TURIN, Italy -- As the 20th Winter Games prepare to start Friday, thousands of police are taking to the streets of this northern Italian city to protect the 2,500 athletes and 1 million expected visitors.
Security became an Olympic obsession in 1972, when Palestinian terrorists killed 11 Israeli athletes and a German policeman at Munich's Summer Games. The bombing of Atlanta's Summer games in 1996, which killed one woman, and deadly terrorist attacks around the world since 9/11, have only heightened worries.
These games coincide with violent protests by Muslims in European and Middle Eastern cities over caricatures of the Prophet Muhammad published first in a Danish newspaper and again recently in other European publications, including La Stampa, an Italian daily. Continuing threats of retaliation have raised some fears that Muslim radicals might try to disrupt the Olympics.

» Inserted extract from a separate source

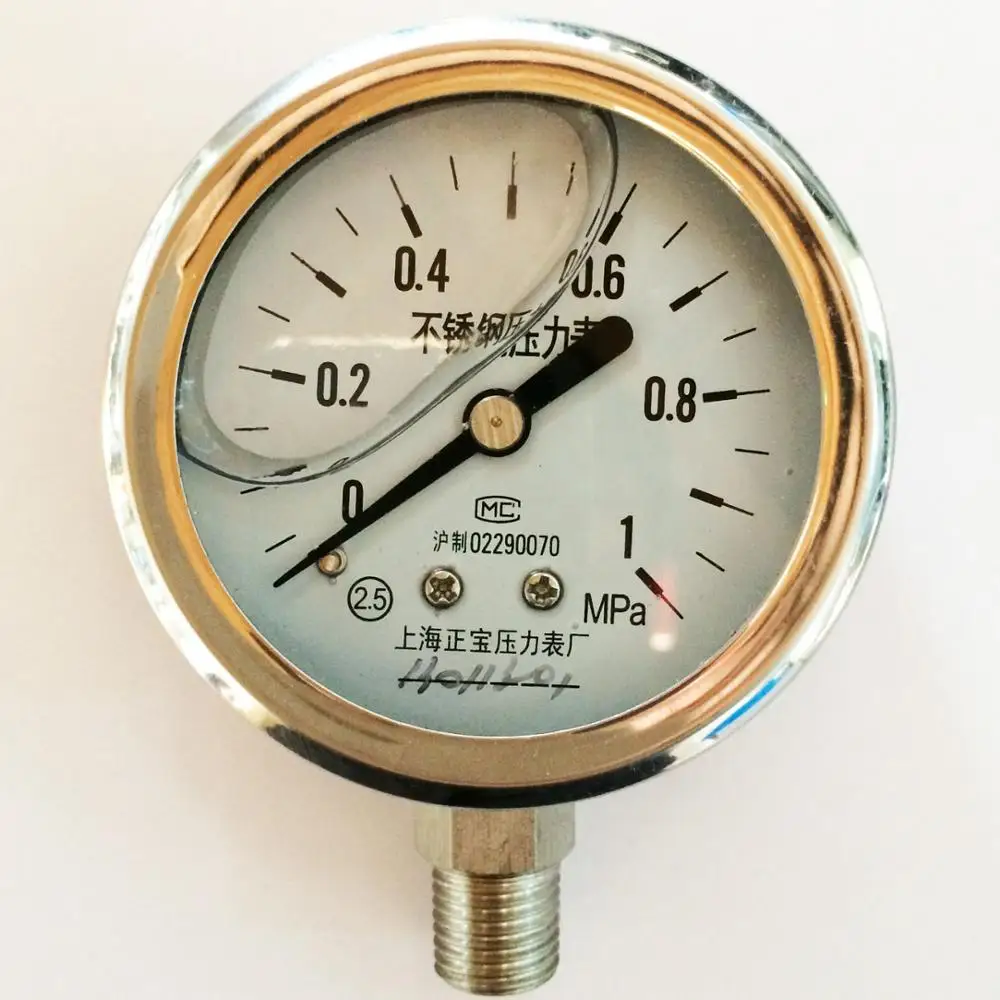 YN60BF 01 Mpa anticorrosive seismic stainless steel pressure gauge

Other security concerns exist, too.
Al-Qaida sympathizers have threatened repeatedly to attack Italy because it is part of the U.S.-led military coalition in Iraq. Anarchists, anti-capitalists and radical environmentalists have vowed to disrupt the Olympics to protest its American corporate sponsors and the construction of a high-speed rail line between Italy and France.
"It is a very vulnerable time in Italy when it comes to precariously looking in the eye of a number of threats ... from the Olympics, to the construction of the (train) tunnels, to upcoming elections," says Joe Peters, a former Pennsylvania deputy attorney general whose company, MSGI Security Solutions, works with the Italian government on security matters.
"Each of those things individually can produce uncertainty and, therefore, vulnerability that a terrorist would try and take advantage of," he says. "But when you have all three of them intersecting, it presents an interesting challenge."
In security circles, Italy has long been considered a prime terror target. After last year's terrorist bombings in London, Italian authorities deported Turin's leading imam, Bourqi Bouchta, for his ties to terrorism, says Lorenzo Vidino, author of the book "Al Qaeda in Europe: The New Battleground of International Jihad."
"He was the most visible face of radical Islam in Turin," Vidino says. "It was interpreted mostly as kind of a message that the government was sending to the Islamist community in Turin -- 'Don't try anything stupid, or we will evict you.'"
Of eight Italian detainees in the U.S. terrorist prison at Guantanamo Bay, two are from Turin.
Vidino, an Italian terrorism expert for the U.S.-based Investigative Project, says al-Qaida prefers high-profile attacks. He believes it may be deterred by the Olympics' enhanced security.
"The way terrorism in Europe works right now is that it is less structured, more based on independent groups, more spontaneous, less sophisticated," he explains. "These groups look for easier targets. Look at the attacks in London. They know that the Olympic events are very difficult to target."
Yet, Vidino remains concerned: "Every night, there are going to be concerts in downtown Turin. I am sure that it is going to be secure, but it still makes it kind of dangerous."
Protest groups have vowed to mount street demonstrations during the Olympics against a variety of issues -- corporate sponsorships, first lady Laura Bush's visit and a proposed train tunnel through the Alps for a high-speed route linking Turin to Lyon, France -- one group's leader told students at a news conference here. Protesters repeatedly disrupted the Olympic torch relay as it crossed Italy; they plan to renew their protests Friday when the torch arrives in Turin.
"Anarchists pose a threat to many things, especially to something like the Olympics," says Peters, the American security expert, "and there is already a presence of certain groups that are in or near Turin."